EU全体では石炭・褐炭火力からの発電量は大きく減少しているが、国により石炭火力減少のスピードは大きく異なっている。簡単に言えば、石炭火力からの発電量を急速に削減した西側主要国に対し、依然として石炭火力への依存が高く削減スピードが緩やかな中東欧諸国の形になっている。電気料金上昇を回避したい中東欧諸国は簡単に石炭火力を廃止できない。

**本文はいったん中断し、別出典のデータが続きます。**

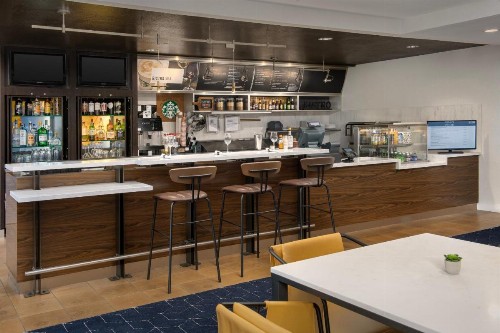 Courtyard by Marriott San Diego Carlsbad - image 11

さらに、ポーランドなどは国内の石炭産業の雇用維持の問題もある。図-6が、いくつかの国の石炭・褐炭火力発電量の推移を示している。発電量が大きいので図には示していないが、国内に褐炭炭鉱を抱えるドイツは、雇用維持の観点から依然として褐炭による大きな発電量を維持しているが、それでも石炭火力からの発電量は急減している。他の西側諸国も押しなべて急速な「石炭離れ」を進めた。